Edmonton remains one of Canada’s most affordable rental markets. Although rents have grown steadily in Edmonton, they still are the lowest amongst the markets that Zonda monitors, at $2.23 per square foot.
Vacancy rates vary throughout the country. The GTHA has the highest overall vacancy rate by a wide margin, at 12.5 percent, followed by both Edmonton and Ottawa at 6.6 percent.
Location, location, location
Central locations command rent premiums, as is evidenced by Zonda Urban’s data, with downtown rental rates outpacing outlying areas.
With steady population growth in urban areas, and a deep renter pool, demand in amenity-rich downtown areas is robust. Zonda Urban anticipates long-term growth in downtown rents, at a quicker pace relative to outlying areas and submarkets.
Is this the right time for renters to become homeowners?
Although a growing segment of the population rent by choice, given the turn-key lifestyle that renting offers, many renters are hopeful homeowners looking for the opportunity to climb on to the property ladder.
The market has been challenging for would-be homeowners. High rents relative to income in many cities make it hard to accumulate a down payment, and housing prices remain stubbornly high, despite the market moderating in several cities.
But in recent weeks house hunters may see a glimmer of hope on the horizon, particularly in the new construction market.
“With our new sales numbers in and another rate cut from the Bank of Canada, some are starting to look at the pre-construction market again. While new launch activity has generally dried up in the condominium apartment sector, townhomes are consistently launching and selling,” says Jasmine Cracknell-Young, vice president, advisory with Zonda Urban.
“Townhomes offer great pricing relative to traditional single-detached product located in established or establishing communities. For those who have the capital for a quick close, the assignment market is flush with listings on the condominium apartment side.
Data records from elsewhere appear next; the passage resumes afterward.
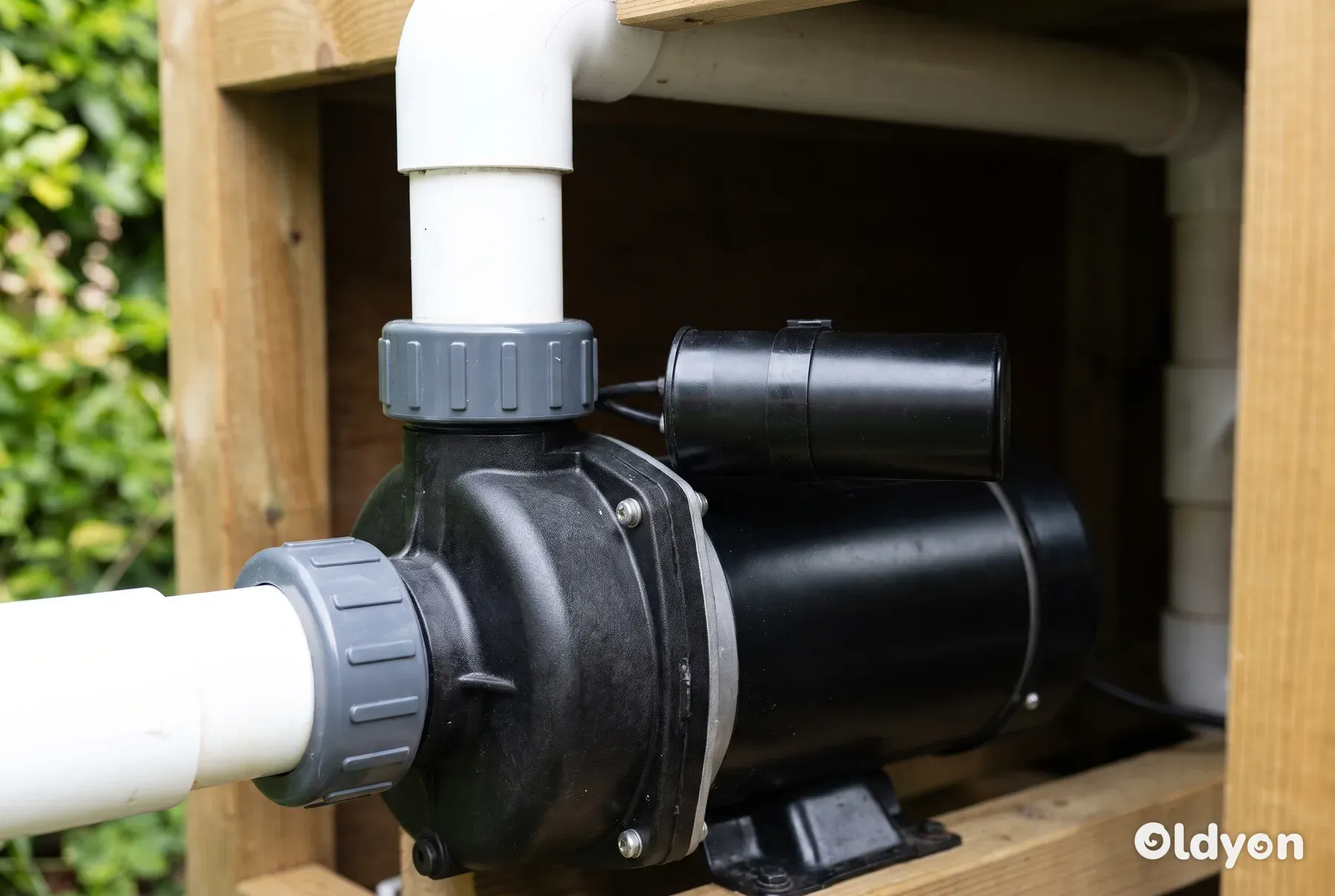Et detaljeret billede af en sort pumpemotor til et udespa og dens påmonterede cylindriske startkondensator.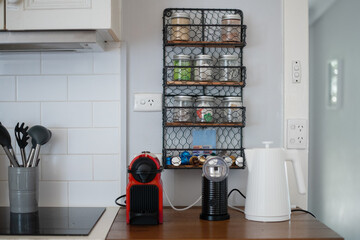 kitchen bench with coffee machine, milk spinner and kette. on the wall are power points with nothing plugged in, and a shelf of jars of tea, coffee and sugar, appliance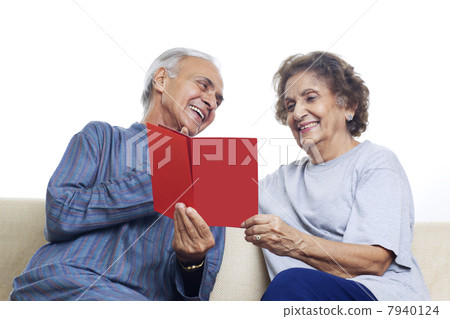 Senior couple smiling while looking at card 7940124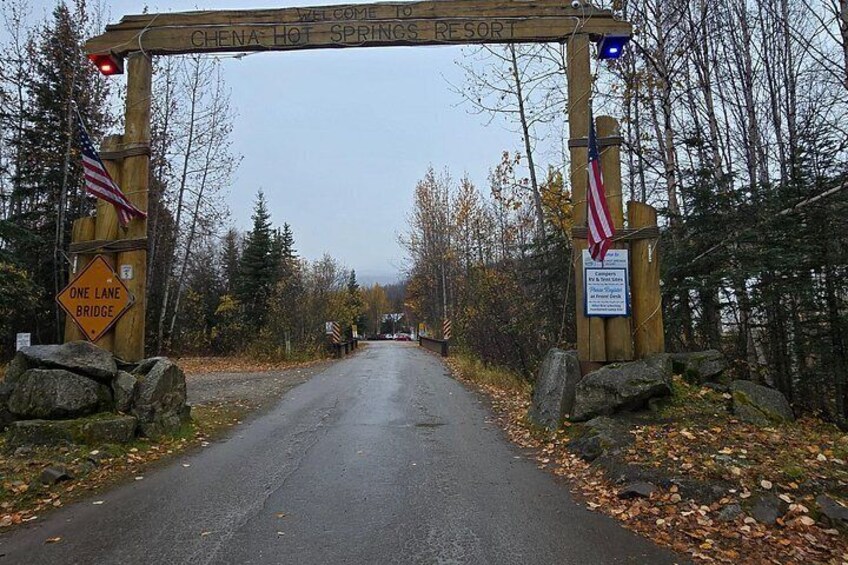 A wooden archway with 'Welcome to Chena Hot Springs Resort' written on it, flanked by American flags and a one-lane bridge sign. 4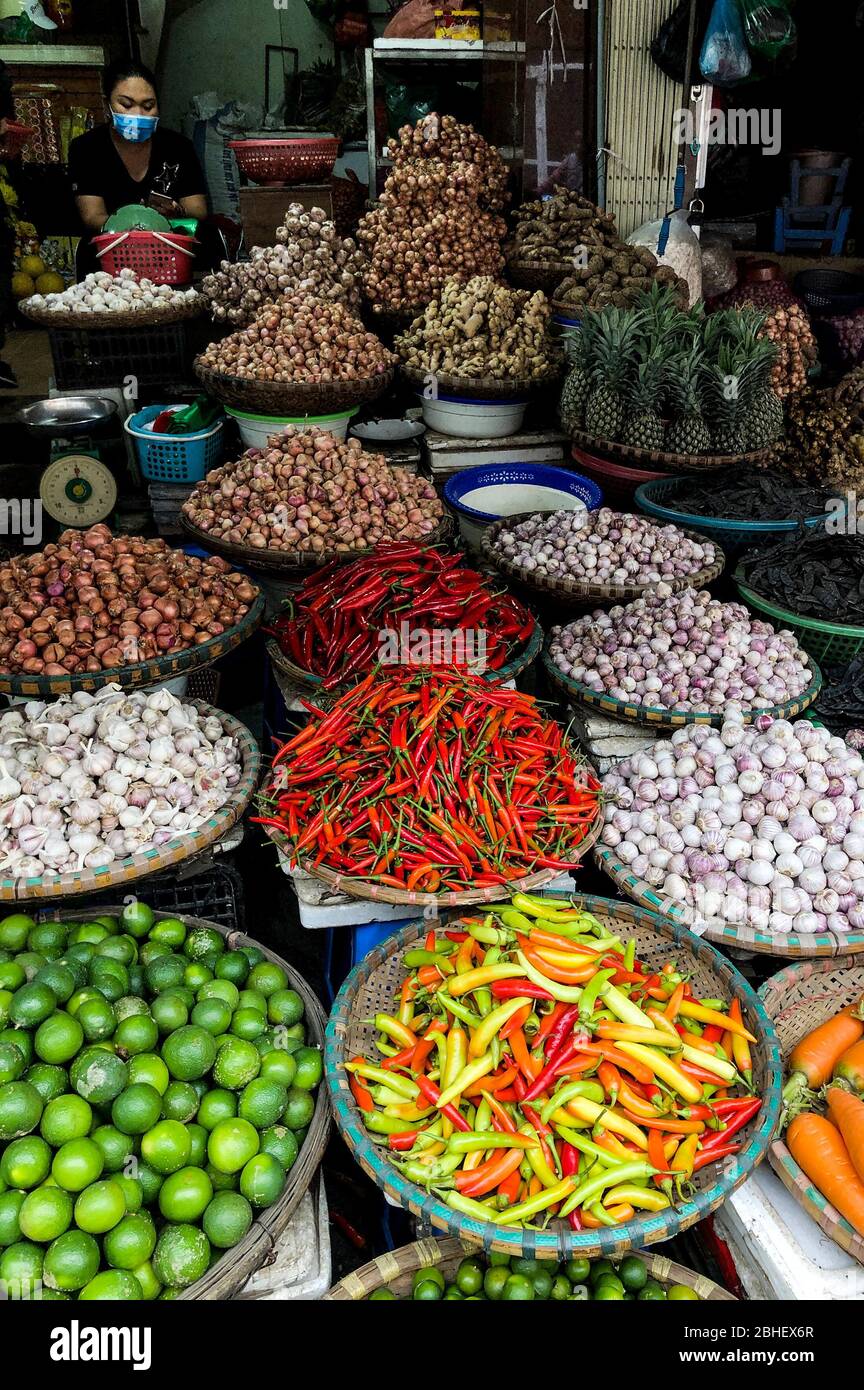Hanoi, Vietnam, Febuary 1, 2020 - Fresh vegetables for sale at street food market in the old town.  Garlic, Lemon, Ananas, Onions, Peper, Red chillies Stock Photo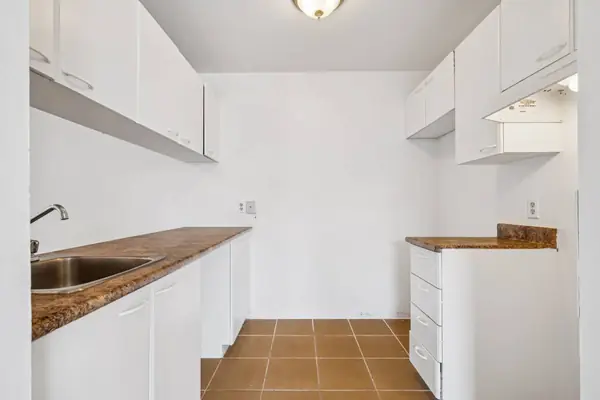 Kitchen with white cabinets and a double sink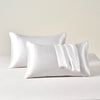 A set of two white satin pillowcases lying on a white surface.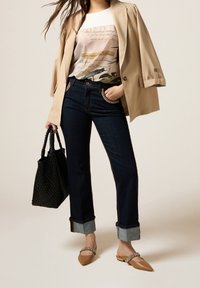 Woman wearing beige blazer over printed blouse, dark cuffed jeans with chain detail, tan pointed flats with embellishments, holding black woven bag.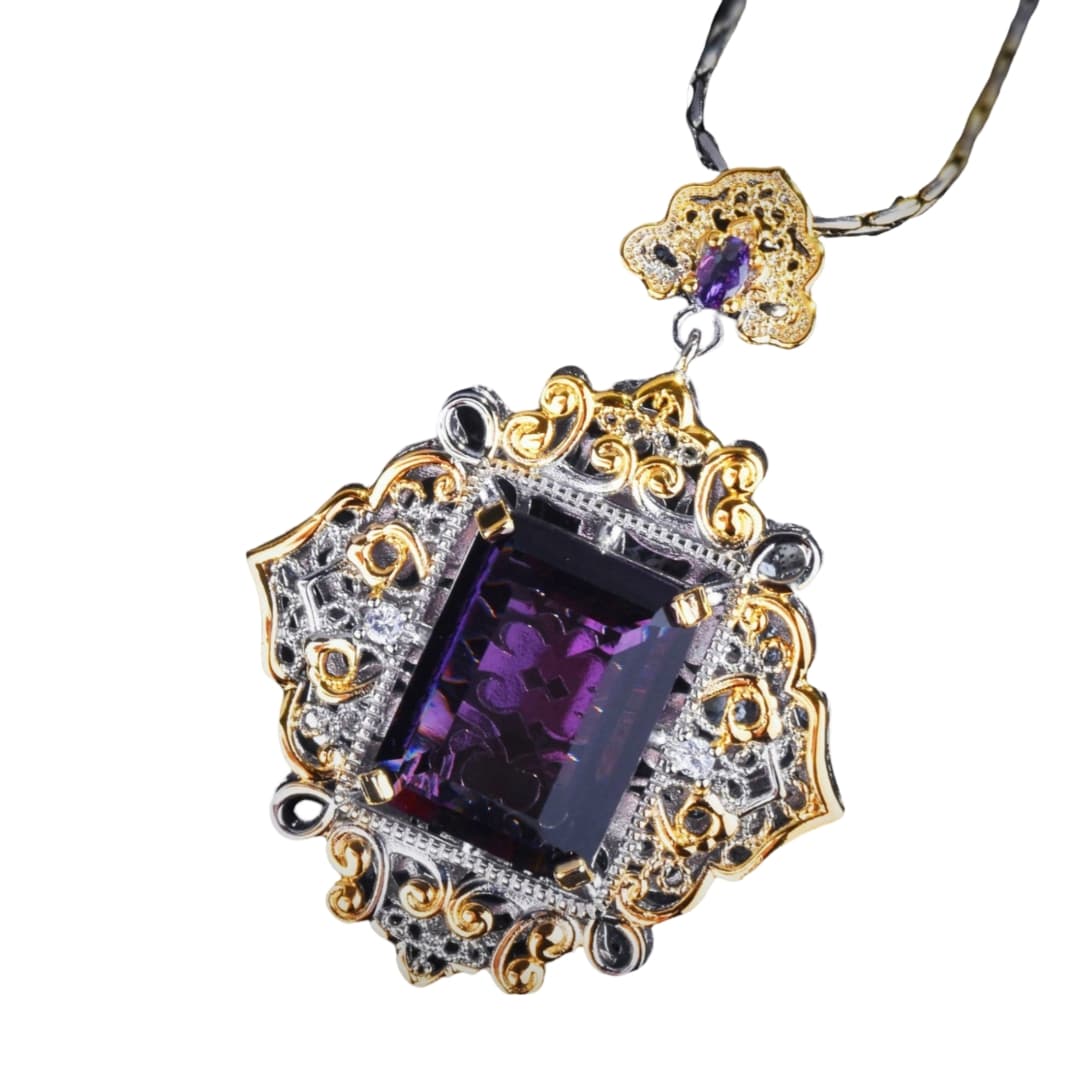 with its purple stone set in a gold and silver pendant, this Italian-carved amethyst necklace adds glitz and refinement to any ensemble.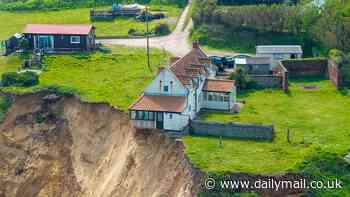 Living literally on the edge! Drone footage shows 18th century three-bedroom home on Norfolk coastline perilously close to collapsing as cliff crumbles amid heavy downpours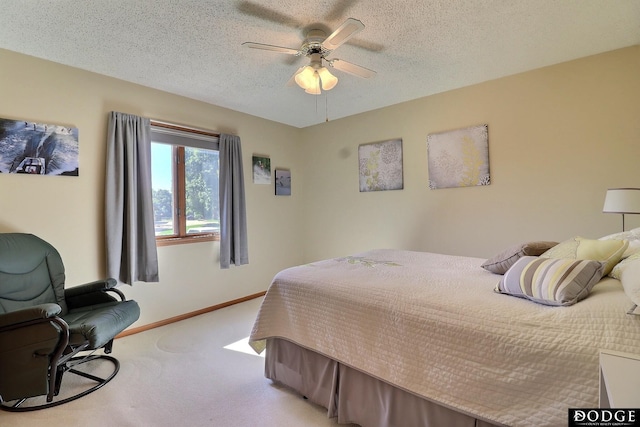 carpeted bedroom with a ceiling fan, baseboards, and a textured ceiling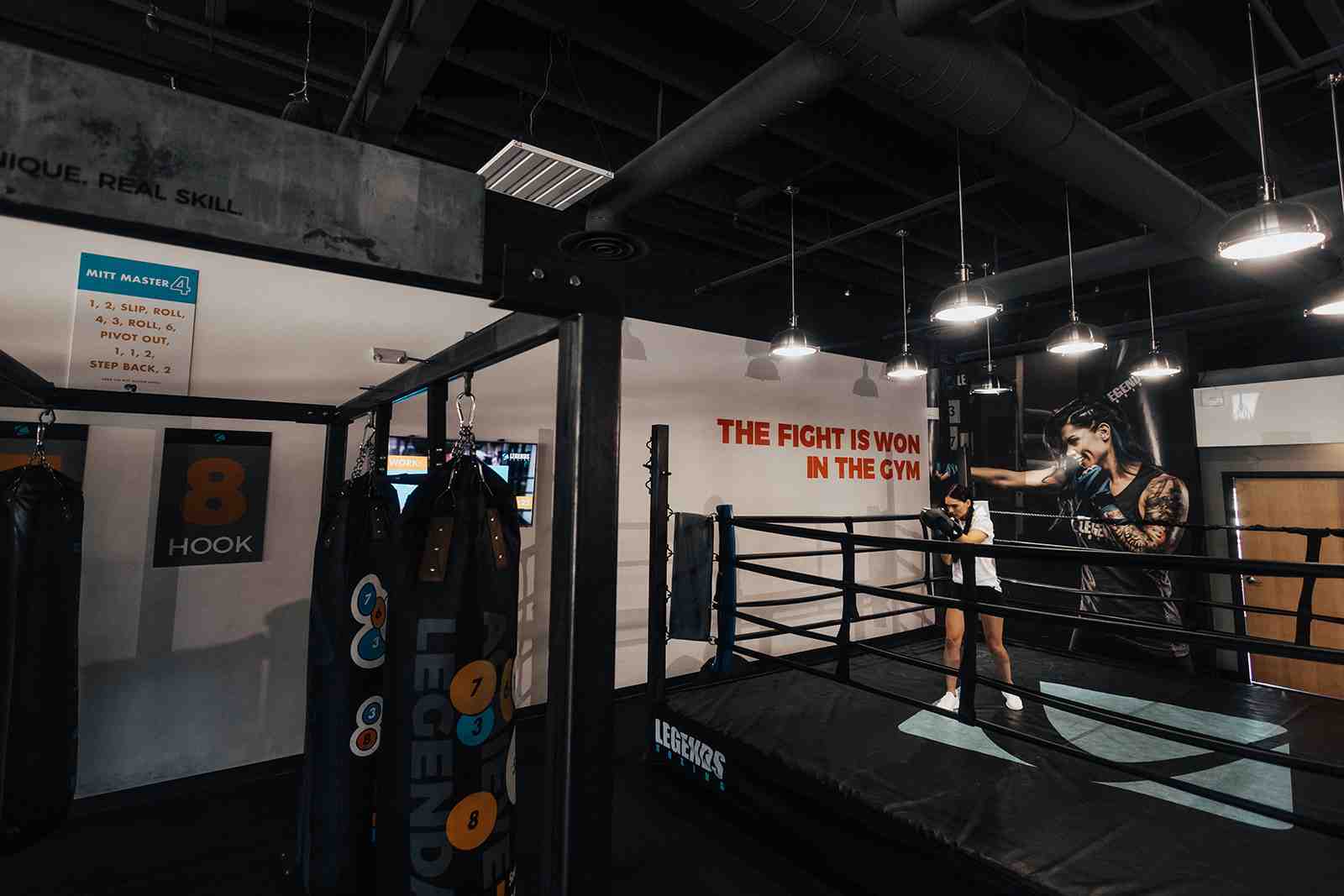 of a classic boxing gym with a ring and heavy bags - boxing gym utah
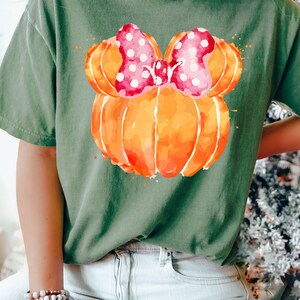 Op de afbeelding: Olijfgroen t-shirt met een aquarelontwerp van een oranje pompoen met een roze strik met stippen. Het woord "MOSS" wordt weergegeven in een groene rechthoek. Het t-shirt wordt door een persoon gedragen.
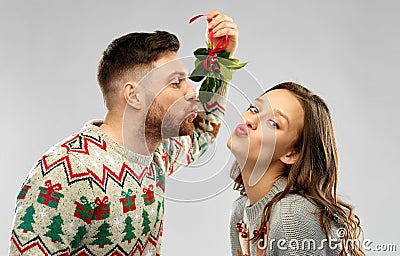 happy couple kissing under the mistletoe Stock Photo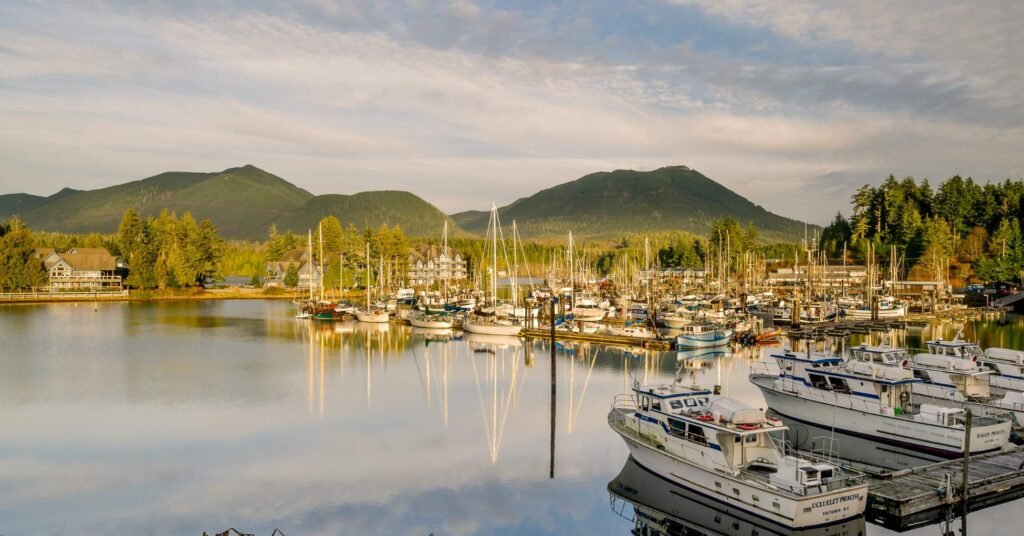 Peaceful marina filled with boats and yachts reflecting in calm water, backed by forested mountains under a partly cloudy sky at Ucluelet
While those with time are seeking out cash back incentives, extended deposit structures, and closing dates well into 2027.” she says.
In addition to the Bank of Canada’s recent rate cut, house hunters can take advantage of a new affordability aid specifically geared for purchase of new construction homes.
Previously, mortgages had a maximum amortization of 25 years. As part of affordability measures included in the federal budget for 2024, mortgages, for those who qualify, will be able to be extended to 30 years.
That extra five years can extend the purchasing power for house hunters and make monthly payments more affordable.
This amortization schedule is only available to first-time homebuyers, and it is only applicable to new construction homes. It’s only available for insured mortgages (with less than 20 percent down).
While extending amortization reduces monthly costs in the short term, house hunters should remember that extending the life of a mortgage will come at a higher cost in the long term.